From an engineering point of view, if we were to solve the pollution problem, and if the numbers above are not terribly wrong, then the EVs are not an answer. There is a huge (operating) cost attached to rebuilding the whole industry with apparently a very small impact. And I'd say with a reasonably large negative impact since we see many automotive manufacturers folding under the EV pressure.

> because people don't have often a viable setup to switch to EV

I agree and I would also add that not that many people can afford buying a new car for ~40k EUR. For many people this is inaccessible.


This seems completely out of line vs https://www.europarl.europa.eu/topics/en/article/20190313STO... of which 60% is cars?


The source you mention is

> according to a report from the European Environment Agency

and I don't know how they got to their numbers. Don't have time to read it right now but do you see a mistake in my calculations? I think I used valid sources?


Tracking just the car fuel is significantly undercounting, keyword: lifecycle CO2 footprint. Esp for EVs.

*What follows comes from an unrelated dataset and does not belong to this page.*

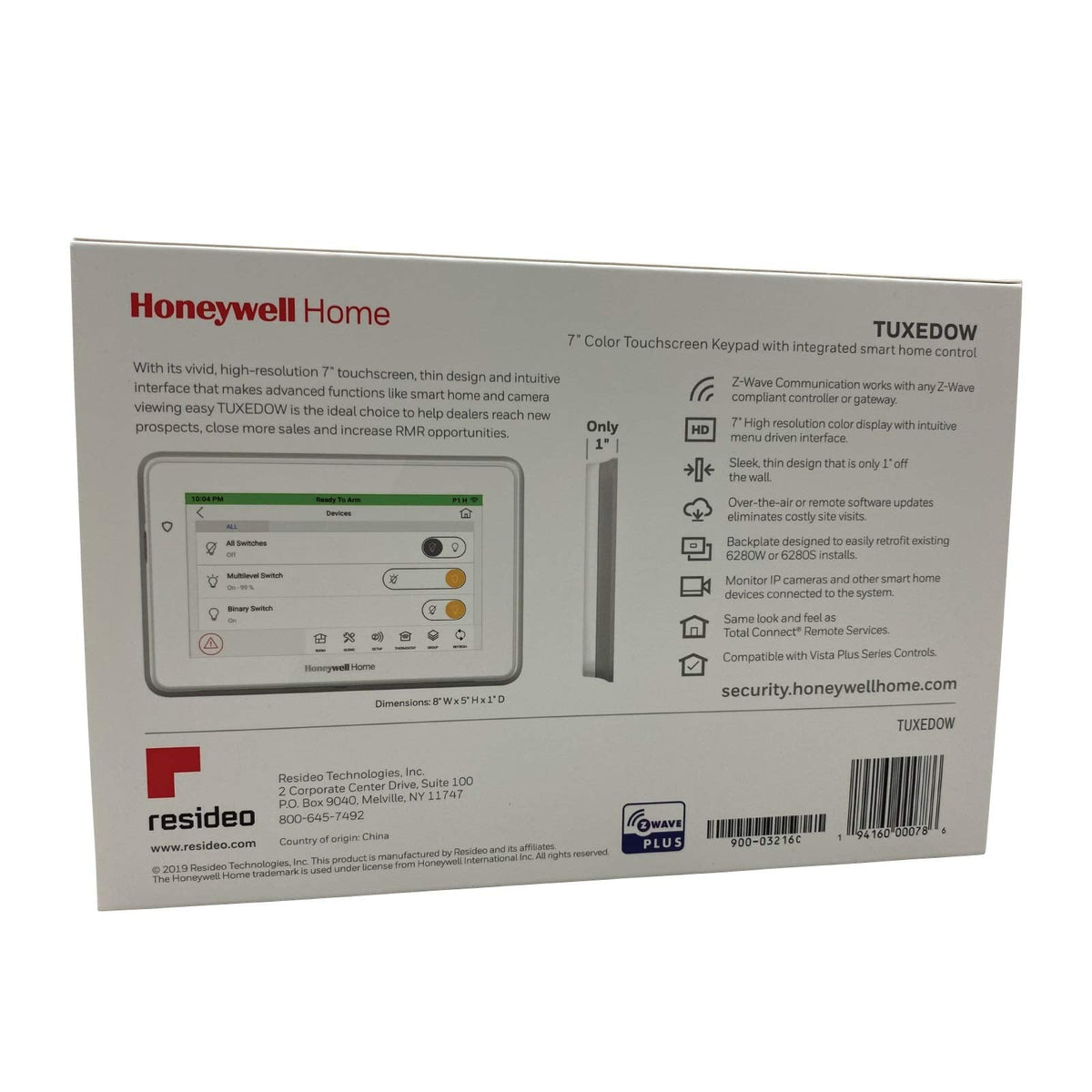 TUXEDO - 7" Touchscreen Security and Smart Controller (Honeywell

Can you please elaborate what do you mean more precisely? I am not sure I understand. If 5 bln tonnes is total CO2 emissions, how else would you calculate the contribution of petrol/diesel car industry?


In addition to the fossil fuels, car you have emissions from the manufacturing and ingredients (steel, lithium, etc), the recycling, etc.

See eg https://assets.publishing.service.gov.uk/media/623b0fb28fa8f... p.5 for a graph.

(Depending on context we might include the car roads construction and maintenance as well, for example when considering the merits of different transportation modes)


Sure but that's the total manufacturing CO2 footprint and that's not what I was trying to deduce here. I was trying to understand how much of the problem are we trying to solve with the transition to the EVs. Manufacturing CO2 emissions of the EVs ≈ manufacturing emissions of ICEs.